Optimizing SELECT Statements
The main considerations for optimizing queries are:
- To make a slow SELECT ... WHERE query faster, the first thing to check is whether you can add an index. Set up indexes on columns used in the WHERE clause, to speed up evaluation, filtering, and the final retrieval of results. To avoid wasted disk space, construct a small set of indexes that speed up many related queries used in your application.
- Indexes are especially important for queries that reference different tables, using features such as joins and foreign keys. You can use the EXPLAIN statement to determine which indexes are used for a SELECT. Optimizing Queries with EXPLAIN”.
- If a performance issue is not easily solved by one of the basic guidelines, investigate the internal details of the specific query by reading the EXPLAIN plan and adjusting your indexes, WHERE clauses, join clauses, and so on. (When you reach a certain level of expertise, reading the EXPLAIN plan might be your first step for every query.)
- Isolate and tune any part of the query, such as a function call, that takes excessive time. Depending on how the query is structured, a function could be called once for every row in the result set, or even once for every row in the table, greatly magnifying any inefficiency.

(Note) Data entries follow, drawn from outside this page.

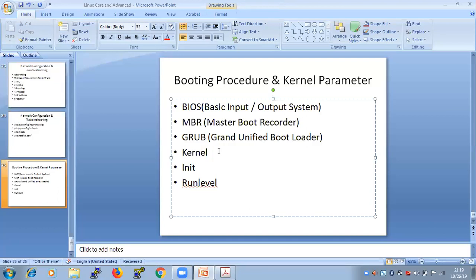There are six stages: BIOS, MBR, GRUB, Kernel, init, and run level. First BIOS executes, then MBR, then GRUB, then the kernel, then init, and finally the run level — at which point all services are up and running and you can execute commands.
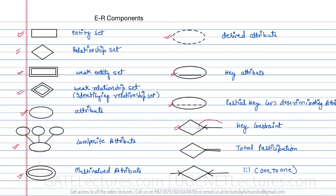This represents total participation. This represents a one-to-one relationship, because on both sides we have this sign, which means the relation is one-to-one.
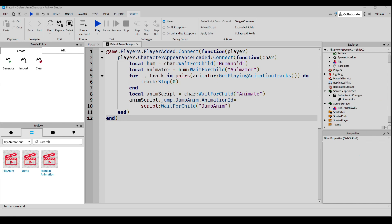All right. Now let me explain what this code is and how it works. So basically, this first line sets up a listener for when the player joins the game. When a player joins, the function inside the connect method will be executed. Now for the second line, when a player joins, this line connects a function to the character appearance loaded event of a player's character.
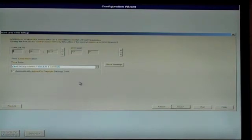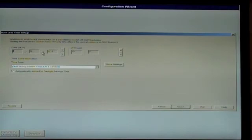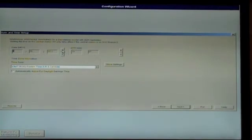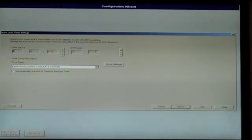At the date and time setup screen, verify the correct settings for your locality. If they are incorrect, highlight each incorrect field and use the up or down arrows to adjust them. Once all fields are correct, click Next.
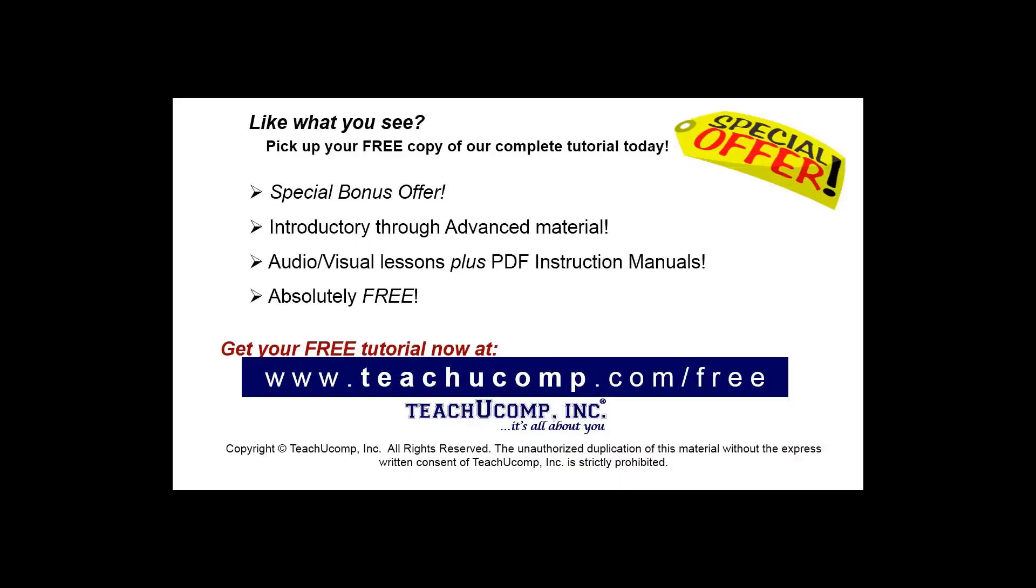Like what you see? Pick up your free copy of the complete tutorial at www.teachucomp.com/free.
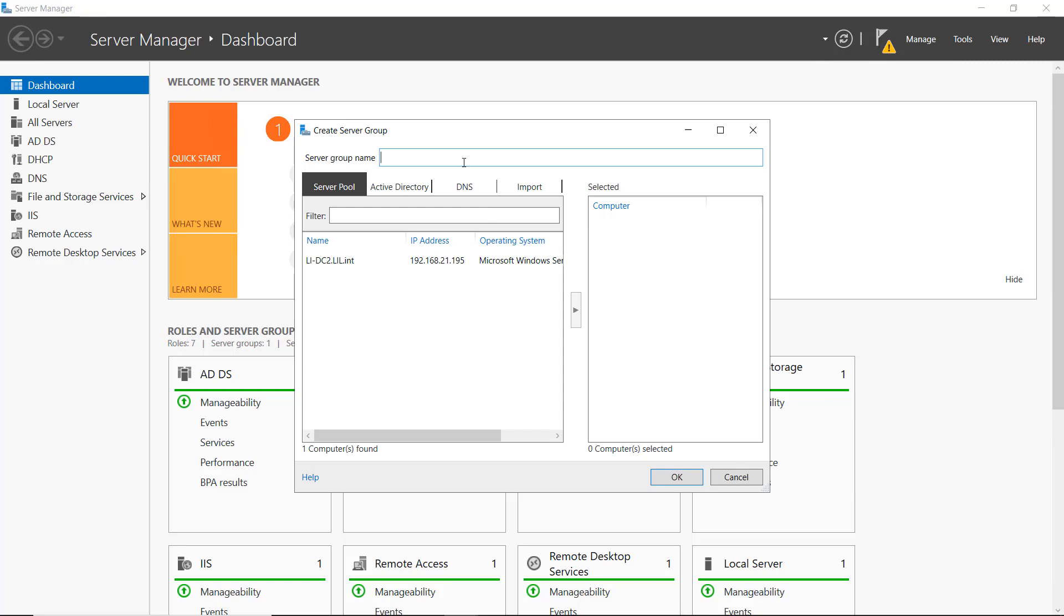So I'm going to call this one my Server Group. And right away, it shows me my DC2, which is what this particular server is that I'm on. So I'll go ahead and move that over.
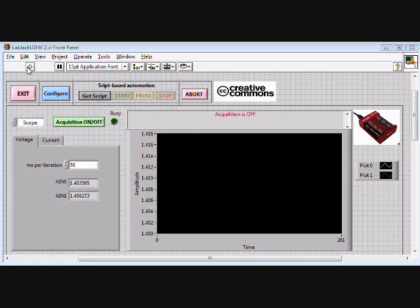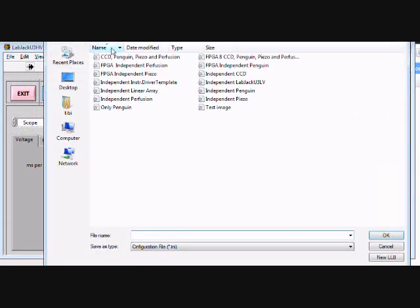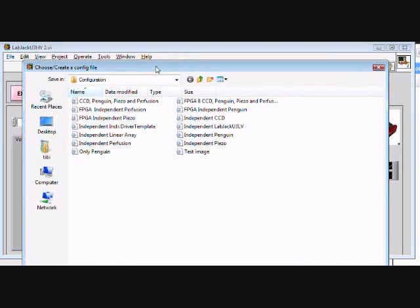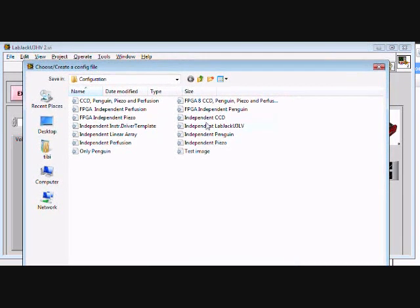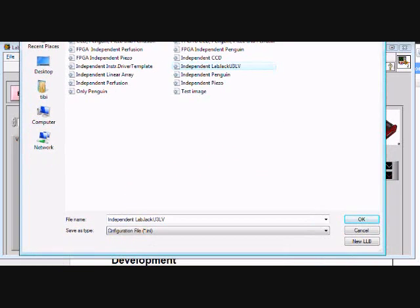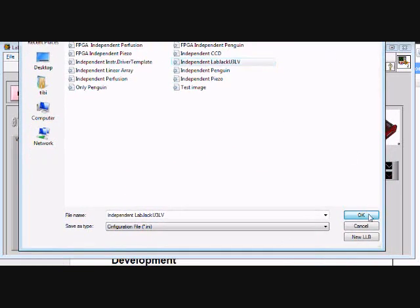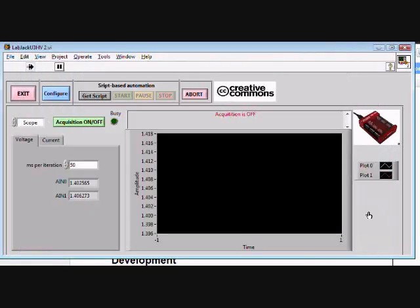Hi, let me show you how the instrument driver for the LabJack U3 device works. I'm loading the configuration file now, and now the software is initializing itself.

- Minimize the number of full table scans in your queries, particularly for big tables.
- Keep table statistics up to date by using the ANALYZE TABLE statement periodically, so the optimizer has the information needed to construct an efficient execution plan.
- Avoid transforming the query in ways that make it hard to understand, especially if the optimizer does some of the same transformations automatically.
- Deal with locking issues, where the speed of your query might be affected by other sessions accessing the tables at the same time.
Here are some types of optimizations MySQL knows how to do: -
- Reordering joins
- Converting OUTER JOINs to INNER JOINs
- Applying algebraic equivalence rules
- COUNT(), MIN(), and MAX() optimizations
- Evaluating and reducing constant expressions
- Use Covering indexes
- Subquery optimization
- Early termination
- Equality propagation
- IN() list comparisons
- Use SELECT * only if needed
- Use ORDER BY Clause only if needed
Few More :
- Partition Large Tables: For tables with a large number of rows, consider partitioning to improve query performance and management.
- Use Connection Pooling: Connection pooling helps manage and reuse database connections, reducing the overhead of opening and closing connections for each query.
- Cache Frequently Used Queries: Implement query caching mechanisms like MySQL Query Cache or use external caching systems like Memcached or Redis to reduce query load on the database server.
- Regularly Review and Tune: Regularly review and tune your MySQL setup based on the changing needs of your applications.